▸ **WHAT THE TASK REQUIRES**
The answer should be the exact lines from the line containing "Marmite électrique multifonctionnelle" through the last line of the material below, with no pictures.

▸ **INFORMATION SHOWN**

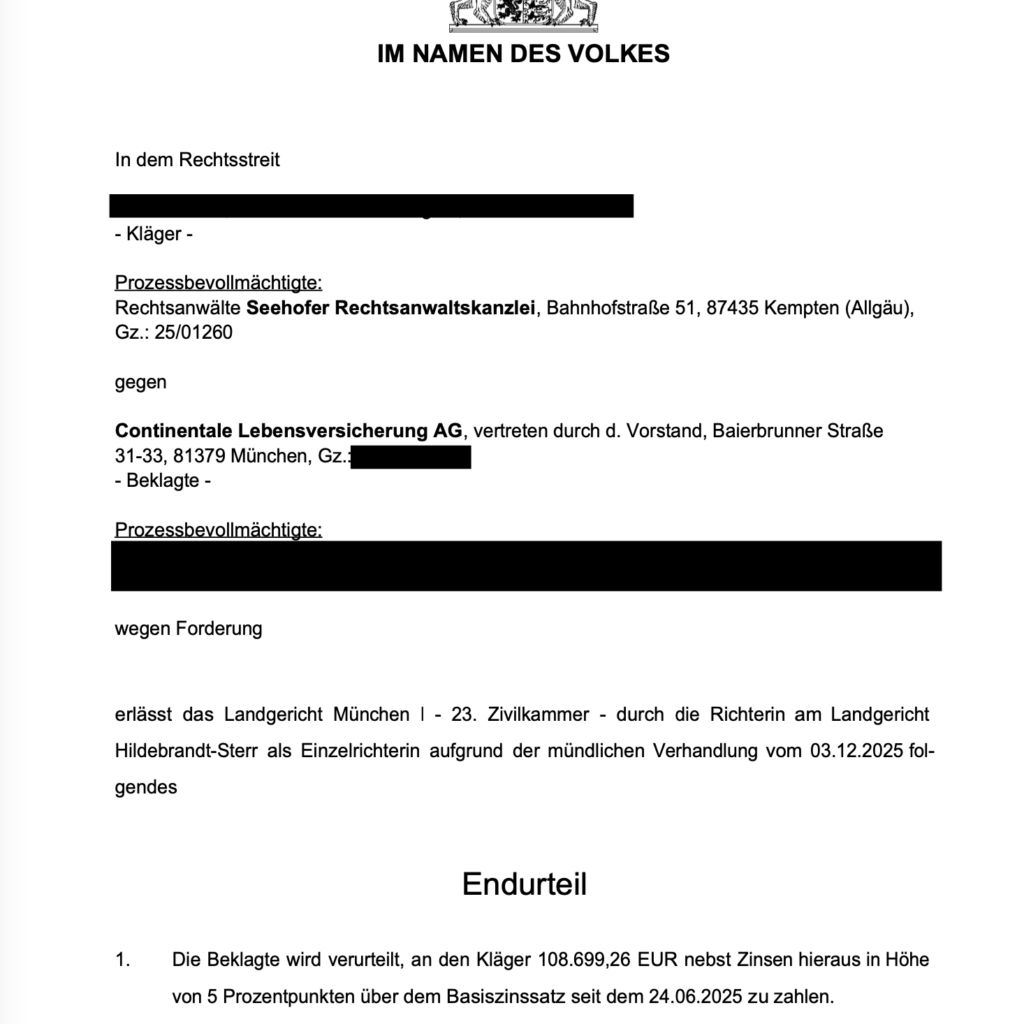 Basisrente bei der Continentale Lebensversicherung AG:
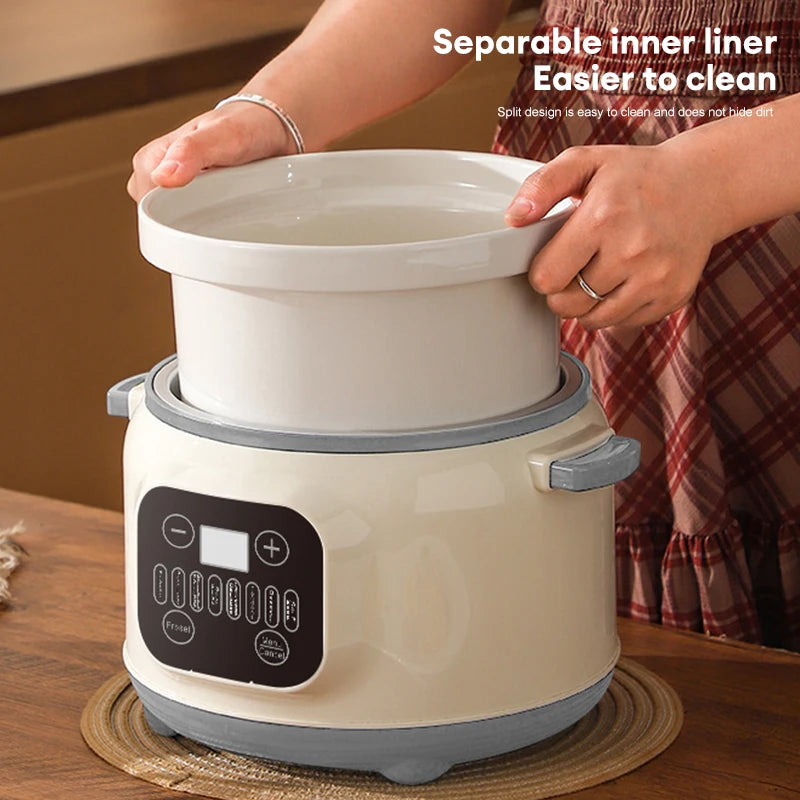 Marmite électrique multifonctionnelle de 3,8 l, mijoteuse, Pot intérieur en céramique, multi-cuiseur pour soupe, bouillie, Casserole, cuisine domestique l'atelier des ustensiles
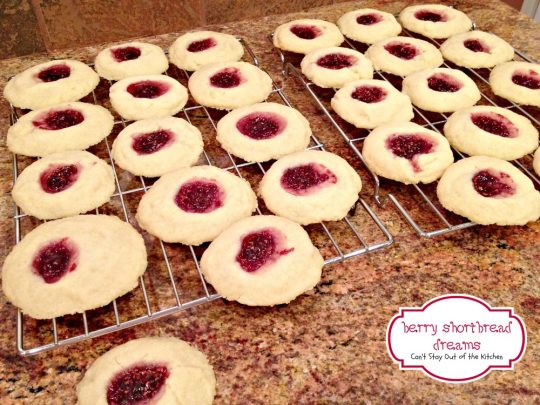 Berry Shortbread Dreams | Can't Stay Out of the Kitchen | These amazing #shortbread #cookies are filled with #raspberry jam and #almond flavoring. Then they're iced with an almond-flavored icing. They're much easier to make than they look! #dessert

▸ **EXERCISE SOLUTION**
 Marmite électrique multifonctionnelle de 3,8 l, mijoteuse, Pot intérieur en céramique, multi-cuiseur pour soupe, bouillie, Casserole, cuisine domestique l'atelier des ustensiles
 Berry Shortbread Dreams | Can't Stay Out of the Kitchen | These amazing #shortbread #cookies are filled with #raspberry jam and #almond flavoring. Then they're iced with an almond-flavored icing. They're much easier to make than they look! #dessert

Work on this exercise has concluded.